I start by noting a marked contrast between the Hebrew Bible’s general lack of specific reference to stories in Gen 1–11 and the broad and deep reflection on these chapters from the Second Temple period onward. Aside from more general references to creation in a number of biblical texts, the main potential reflections of Gen 1–11 in other Hebrew Bible texts occur in a brief mention of “the garden of Yhwh” in Gen 13:10; Isa 51:3, reference to Noah in Ezek 14:14, 20 and Isa 54:9, use of genealogical information from Gen 1–5 in 1 Chr 1:1–4, and a likely reflection on the Gen 1:26–28 picture of God’s creation of humans to rule in Ps 8:5–9 (ET 8:4–8; cf. also Ps 136:8–9). 5In addition, as will be discussed more later, there may be some ways that the garden of Eden story of Gen 2:4–3:24 is responded to or otherwise appropriated in Psalm 82:7 and texts in Ezekiel on the expulsion of a proud figure from the garden of God/“Eden” because of his pretensions to divinity (28:11–19) and of a great world tree in the garden of God/“Eden” (31:3–9).
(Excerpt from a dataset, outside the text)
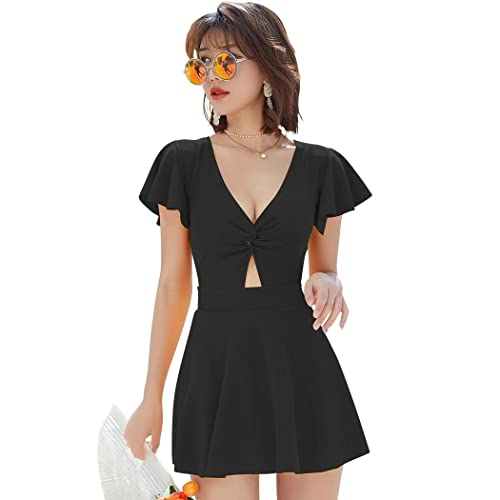 Teddy 水着ワンピース レディース 体型カバー ハイウエスト フレアスリーブ プランジングネック 大きいサイズ hys2537 (ブラック, 4L(15号))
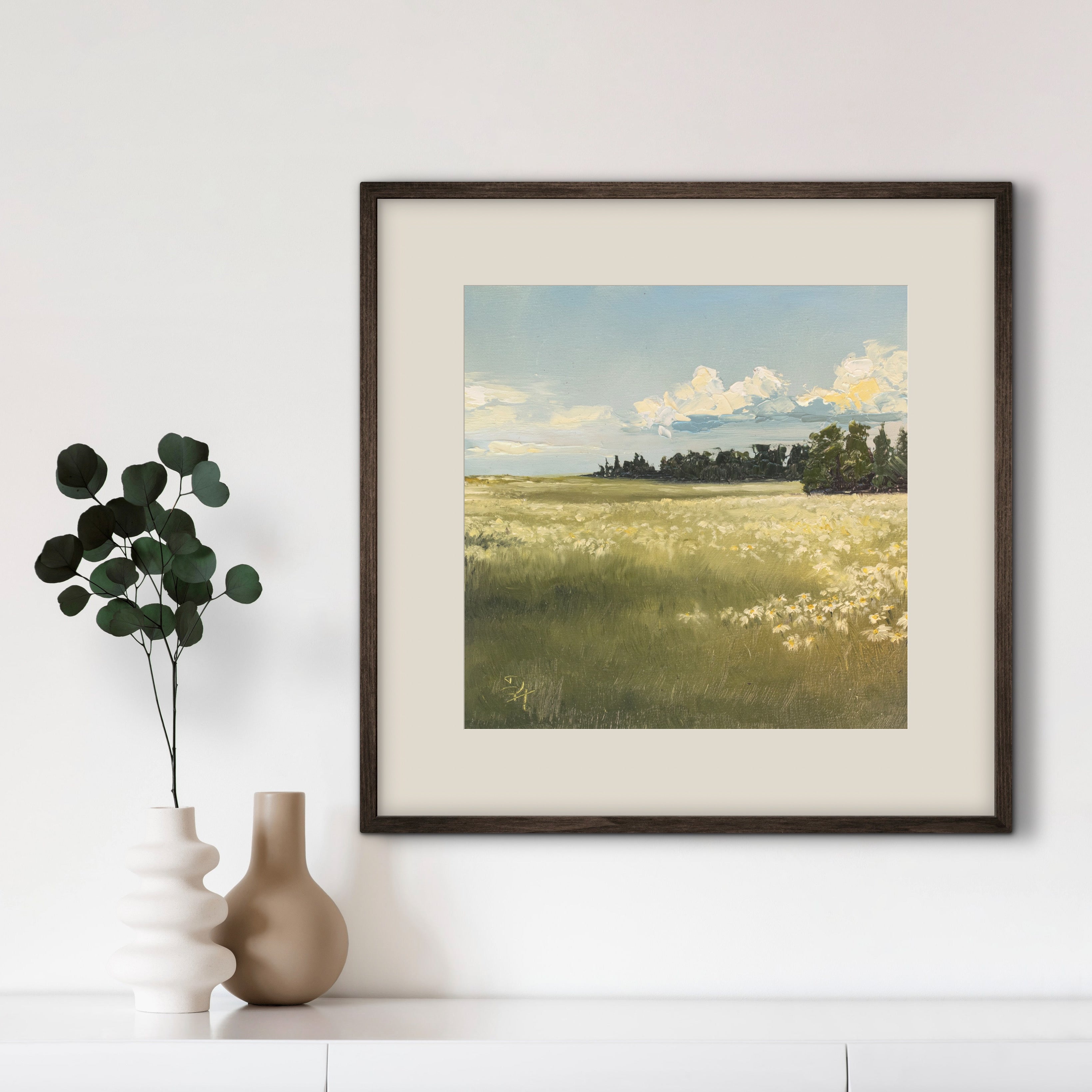 White Wildflower Field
This general lack of reflection on texts in Gen 1–11 in the rest of the Bible (excepting Ezekiel) stands in marked contrast to the relatively frequent interpretations of Gen 1–11 in Second Temple Jewish literature and even more intense reflection on these chapters in the Christian theological tradition. For example, several early Jewish texts clarify the background of God’s judgment and the world-destroying flood of Gen 6:5–7:23 by seeing the stories of Gen 2:4–6:4 against the background of Hellenistic and Roman-period traditions about demonic powers and fallen angels. 6In addition, early and later Jewish readers added new semi-divine characters to the mythical world of Gen 1–11—taking the snake in Gen 3 to be Satan (e.g., 4 Macc. 18:7–8; Rev 12:9; Apoc. Mos. 16:4; 17:4; possibly Wis 2:24), the “sons of God” in Gen 6:2, 4 as rebel angels producing evil and violent giants who then caused the flood (e.g., 1 En. 6:2–7:5; Jub. 5:1–5), and the figure of Nimrod in Gen 10:8–12 as a giant, evil rebel warrior who led the project to build the tower in Babylon (11:1–9). 7Meanwhile, the character of Enoch, who only briefly appears in Gen 5:22–24 as a proto-Noah character who “walked with God” (cf. Gen 6:9), became a much more important figure in several early Jewish texts—moral example, mediator between heaven and earth, sage, and revealer of heavenly secrets (Sir 44:14–16; Ps.-Philo, LAB 1:16; Josephus, Ant . 1.85; cf. Heb 11:5). 8In a similar vein, interpreters endeavored to elaborate on the Bible’s brief positive comments about Noah, Gen 6:8, 9; 7:1), developing stories of his righteous attempts to warn his contemporaries of the oncoming flood (Sib. Or. 1:127–131, 149–151; Jos. Ant . 1.74) and starting to see him as inaugurating a set of “Noachide laws” about murder and other topics that apply to humanity as a whole (cf. Gen 9:2–6). 9

Later rabbinic and mystical Jewish interpretation of these chapters have varied widely, depending on the theme under discussion. Overall, interpreters often have tended to reinterpret various parts of the Gen primeval history through the lens of the flood narrative’s report of the pervasive, irremovable evil of humanity (Gen 6:5–7; also 8:21). For example, an initial stratum in the Enochic Book of the Watchers (1 En. 6:2–7:5) is the earliest tradition to link the evil of the flood (Gen 6:5) with the preceding story of marriages of sons of God and daughters of humanity (Gen 6:1–4) by telling how those marriages produced violent giants whose violence caused the flood. 10The above-noted tradition about evil Nimrod built on that picture, seeing the “warrior” (גבור) Nimrod of Gen 10:8–9 as a continuation of the line of evil, giant “warriors” noted in Gen 6:4. This interpretation then was complemented by a broad tendency to attribute grave sexual sins to Noah’s son, Ham (Gen 9:22–23), and see the building of Babylon (often seen as Nimrod’s work) as an illustration of the persistence of human evil in the post-flood period (Gen 11:1–9; cf. Gen 8:21). 11As will be discussed later in this commentary, these negative strands of interpretation of Gen 1–11, particularly those focused on semi-outsider figures in the story world (e.g., Cain, Nimrod), have been used by some to justify exclusion, colonization, or enslavement of perceived others, especially people of African descent, who are often identified with those figures.